● TASK BRIEF
The response should consist of every record, reproduced exactly.

[Source records]
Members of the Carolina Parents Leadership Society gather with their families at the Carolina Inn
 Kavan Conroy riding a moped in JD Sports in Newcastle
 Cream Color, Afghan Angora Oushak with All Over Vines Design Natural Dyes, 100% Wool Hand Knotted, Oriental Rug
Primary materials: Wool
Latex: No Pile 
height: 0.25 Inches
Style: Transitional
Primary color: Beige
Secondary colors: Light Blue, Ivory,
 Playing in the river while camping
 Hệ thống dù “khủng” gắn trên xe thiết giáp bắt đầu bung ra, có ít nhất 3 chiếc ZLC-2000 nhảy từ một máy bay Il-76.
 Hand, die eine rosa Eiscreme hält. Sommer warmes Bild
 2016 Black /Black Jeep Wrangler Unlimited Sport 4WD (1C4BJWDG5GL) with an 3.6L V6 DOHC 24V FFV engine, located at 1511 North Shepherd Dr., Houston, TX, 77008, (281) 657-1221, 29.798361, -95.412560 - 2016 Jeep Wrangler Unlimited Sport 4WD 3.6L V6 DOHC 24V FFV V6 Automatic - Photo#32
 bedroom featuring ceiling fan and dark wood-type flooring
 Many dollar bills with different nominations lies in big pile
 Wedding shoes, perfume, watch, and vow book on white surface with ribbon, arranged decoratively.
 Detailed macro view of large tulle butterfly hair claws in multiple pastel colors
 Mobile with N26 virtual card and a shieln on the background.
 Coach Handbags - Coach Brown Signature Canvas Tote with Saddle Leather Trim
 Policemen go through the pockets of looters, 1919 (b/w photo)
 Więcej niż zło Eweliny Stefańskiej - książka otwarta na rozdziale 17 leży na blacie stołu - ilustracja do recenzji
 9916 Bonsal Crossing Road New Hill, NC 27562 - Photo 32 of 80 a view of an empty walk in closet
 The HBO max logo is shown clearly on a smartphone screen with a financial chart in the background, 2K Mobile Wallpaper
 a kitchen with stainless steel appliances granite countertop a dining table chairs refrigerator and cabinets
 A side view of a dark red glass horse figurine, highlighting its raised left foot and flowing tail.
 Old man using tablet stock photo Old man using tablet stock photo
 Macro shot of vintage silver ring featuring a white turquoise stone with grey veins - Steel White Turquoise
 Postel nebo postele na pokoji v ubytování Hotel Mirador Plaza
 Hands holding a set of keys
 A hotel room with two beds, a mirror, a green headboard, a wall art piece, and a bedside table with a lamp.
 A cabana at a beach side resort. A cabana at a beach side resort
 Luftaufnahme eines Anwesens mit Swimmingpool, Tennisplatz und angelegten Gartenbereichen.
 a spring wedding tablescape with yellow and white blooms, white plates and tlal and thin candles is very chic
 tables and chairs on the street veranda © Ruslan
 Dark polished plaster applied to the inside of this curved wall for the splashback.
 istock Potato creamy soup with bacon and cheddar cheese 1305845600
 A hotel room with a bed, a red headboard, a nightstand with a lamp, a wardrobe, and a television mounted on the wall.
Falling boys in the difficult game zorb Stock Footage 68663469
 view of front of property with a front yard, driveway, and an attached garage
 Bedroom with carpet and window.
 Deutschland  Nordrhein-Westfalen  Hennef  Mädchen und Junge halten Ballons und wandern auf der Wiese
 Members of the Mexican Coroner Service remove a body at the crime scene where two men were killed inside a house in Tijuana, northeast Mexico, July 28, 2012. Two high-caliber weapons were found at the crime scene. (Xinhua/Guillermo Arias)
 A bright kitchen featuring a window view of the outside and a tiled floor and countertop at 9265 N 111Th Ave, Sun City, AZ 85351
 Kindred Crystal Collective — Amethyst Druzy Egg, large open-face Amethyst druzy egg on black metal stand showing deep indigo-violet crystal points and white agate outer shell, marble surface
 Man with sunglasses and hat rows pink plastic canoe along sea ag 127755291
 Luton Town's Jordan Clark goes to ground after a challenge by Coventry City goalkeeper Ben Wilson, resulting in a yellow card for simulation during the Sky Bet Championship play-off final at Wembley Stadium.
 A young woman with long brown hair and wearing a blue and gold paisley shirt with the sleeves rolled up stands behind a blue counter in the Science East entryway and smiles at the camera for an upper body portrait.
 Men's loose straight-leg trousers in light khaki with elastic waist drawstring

● FINAL ANSWER
Members of the Carolina Parents Leadership Society gather with their families at the Carolina Inn
 Kavan Conroy riding a moped in JD Sports in Newcastle
 Cream Color, Afghan Angora Oushak with All Over Vines Design Natural Dyes, 100% Wool Hand Knotted, Oriental Rug
Primary materials: Wool
Latex: No Pile 
height: 0.25 Inches
Style: Transitional
Primary color: Beige
Secondary colors: Light Blue, Ivory,
 Playing in the river while camping
 Hệ thống dù “khủng” gắn trên xe thiết giáp bắt đầu bung ra, có ít nhất 3 chiếc ZLC-2000 nhảy từ một máy bay Il-76.
 Hand, die eine rosa Eiscreme hält. Sommer warmes Bild
 2016 Black /Black Jeep Wrangler Unlimited Sport 4WD (1C4BJWDG5GL) with an 3.6L V6 DOHC 24V FFV engine, located at 1511 North Shepherd Dr., Houston, TX, 77008, (281) 657-1221, 29.798361, -95.412560 - 2016 Jeep Wrangler Unlimited Sport 4WD 3.6L V6 DOHC 24V FFV V6 Automatic - Photo#32
 bedroom featuring ceiling fan and dark wood-type flooring
 Many dollar bills with different nominations lies in big pile
 Wedding shoes, perfume, watch, and vow book on white surface with ribbon, arranged decoratively.
 Detailed macro view of large tulle butterfly hair claws in multiple pastel colors
 Mobile with N26 virtual card and a shieln on the background.
 Coach Handbags - Coach Brown Signature Canvas Tote with Saddle Leather Trim
 Policemen go through the pockets of looters, 1919 (b/w photo)
 Więcej niż zło Eweliny Stefańskiej - książka otwarta na rozdziale 17 leży na blacie stołu - ilustracja do recenzji
 9916 Bonsal Crossing Road New Hill, NC 27562 - Photo 32 of 80 a view of an empty walk in closet
 The HBO max logo is shown clearly on a smartphone screen with a financial chart in the background, 2K Mobile Wallpaper
 a kitchen with stainless steel appliances granite countertop a dining table chairs refrigerator and cabinets
 A side view of a dark red glass horse figurine, highlighting its raised left foot and flowing tail.
 Old man using tablet stock photo Old man using tablet stock photo
 Macro shot of vintage silver ring featuring a white turquoise stone with grey veins - Steel White Turquoise
 Postel nebo postele na pokoji v ubytování Hotel Mirador Plaza
 Hands holding a set of keys
 A hotel room with two beds, a mirror, a green headboard, a wall art piece, and a bedside table with a lamp.
 A cabana at a beach side resort. A cabana at a beach side resort
 Luftaufnahme eines Anwesens mit Swimmingpool, Tennisplatz und angelegten Gartenbereichen.
 a spring wedding tablescape with yellow and white blooms, white plates and tlal and thin candles is very chic
 tables and chairs on the street veranda © Ruslan
 Dark polished plaster applied to the inside of this curved wall for the splashback.
 istock Potato creamy soup with bacon and cheddar cheese 1305845600
 A hotel room with a bed, a red headboard, a nightstand with a lamp, a wardrobe, and a television mounted on the wall.
Falling boys in the difficult game zorb Stock Footage 68663469
 view of front of property with a front yard, driveway, and an attached garage
 Bedroom with carpet and window.
 Deutschland  Nordrhein-Westfalen  Hennef  Mädchen und Junge halten Ballons und wandern auf der Wiese
 Members of the Mexican Coroner Service remove a body at the crime scene where two men were killed inside a house in Tijuana, northeast Mexico, July 28, 2012. Two high-caliber weapons were found at the crime scene. (Xinhua/Guillermo Arias)
 A bright kitchen featuring a window view of the outside and a tiled floor and countertop at 9265 N 111Th Ave, Sun City, AZ 85351
 Kindred Crystal Collective — Amethyst Druzy Egg, large open-face Amethyst druzy egg on black metal stand showing deep indigo-violet crystal points and white agate outer shell, marble surface
 Man with sunglasses and hat rows pink plastic canoe along sea ag 127755291
 Luton Town's Jordan Clark goes to ground after a challenge by Coventry City goalkeeper Ben Wilson, resulting in a yellow card for simulation during the Sky Bet Championship play-off final at Wembley Stadium.
 A young woman with long brown hair and wearing a blue and gold paisley shirt with the sleeves rolled up stands behind a blue counter in the Science East entryway and smiles at the camera for an upper body portrait.
 Men's loose straight-leg trousers in light khaki with elastic waist drawstring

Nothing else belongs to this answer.